Die Ausstellung der Staatlichen Kommission verlieh dem Leiden der Opfer einen höheren Sinn. Sie klagte aber auch an und forderte Vergeltung. Unter der Parole „Die Gerechtigkeit erreicht die Schlächter des jugoslawischen Volks, die sich jetzt in den Händen unserer Volksgewalt befinden“ waren Bilder von deutschen, kroatischen und serbischen Offizieren und Politikern gruppiert.38 Alle diese Männer waren bereits inhaftiert und warteten auf ihren Prozess. Alle wurden von den Alliierten nach Jugoslawien ausgeliefert. Unter ihnen befanden sich der SS-Brigadeführer und Generalmajor der Waffen-SS August Schmidhuber, der General Alexander Löhr, der Belgrader Kriegsbürgermeister und Polizeichef Dragomir Jovanović oder Blaž Lorković, der als Gesandter des Unabhängigen Staats Kroatien in der Slowakei tätig war.

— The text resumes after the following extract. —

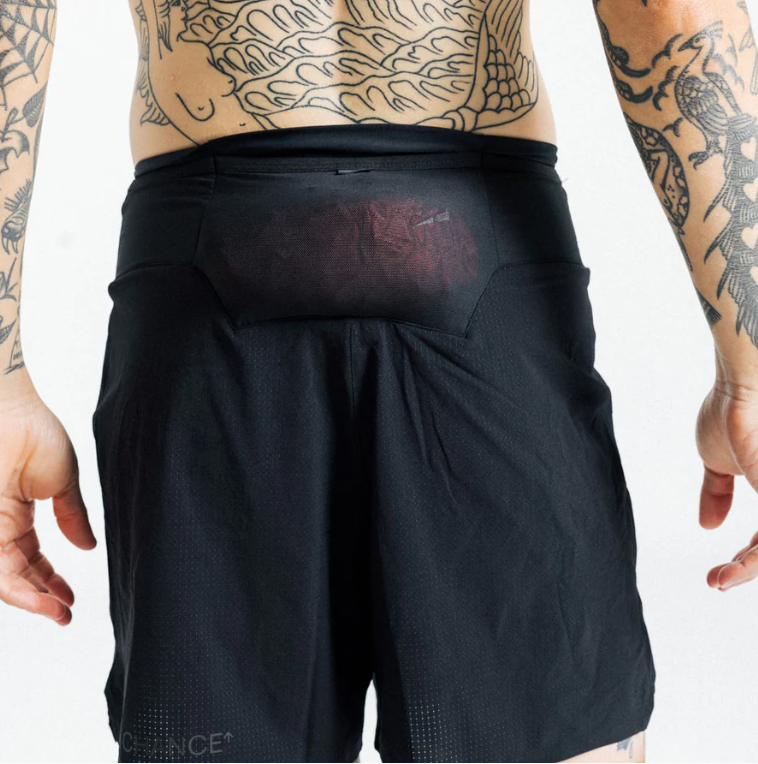 CHANCE Arow Marathon Short V2 - Black/ Black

Auf einer zweiten Tafel, die unter der Parole „Die Verbrecher begingen die Verbrechen gemeinschaftlich, aber sie werden alle eine gerechte Strafe erhalten“39 stand, wurden die Bilder von Angeklagten vor dem Hauptkriegsverbrechertribunal in Nürnberg gezeigt. Die Verknüpfung der jugoslawischen Prozesse mit dem IMT sollte den ersten eine größere Legitimität verleihen und hervorheben, dass die jugoslawischen Behörden an internationalen Entwicklungen partizipierten.
Die Ausstellung sollte aufklären, illustrieren und legitimieren. Wie Jakov Blažević in seinem Ärger über die Verflechtungen der Katholischen Kirche mit dem Besatzungsregime betonte, sollten die großen Kriegsverbrecherprozesse auch dazu dienen, dem „Volk“ die Verbrechen des Klerus vor Augen zu führen und damit einen „Selbstreinigungs-Prozess“ der Kirche anstoßen.40 Der Anspruch war, dass „das Volk“ über die Verbrecher urteilte, und zwar nicht nur in Prozessen vor Gerichten. Jede und jeder sollte die Verbrechen verurteilen. Die große Ausstellung über die Kriegsverbrechen brachte die Gründe für die Anklagen in die jugoslawische Provinz. Sie lieferte die Beweise und sollte den Prozess der Abwendung der jugoslawischen Bevölkerung von den „Verführern“ anstoßen. Sie legitimierte aber auch das Vorgehen der neuen Machthaber gegen die vermeintlichen Täter und gegen ethnisch definierte Tätergruppen.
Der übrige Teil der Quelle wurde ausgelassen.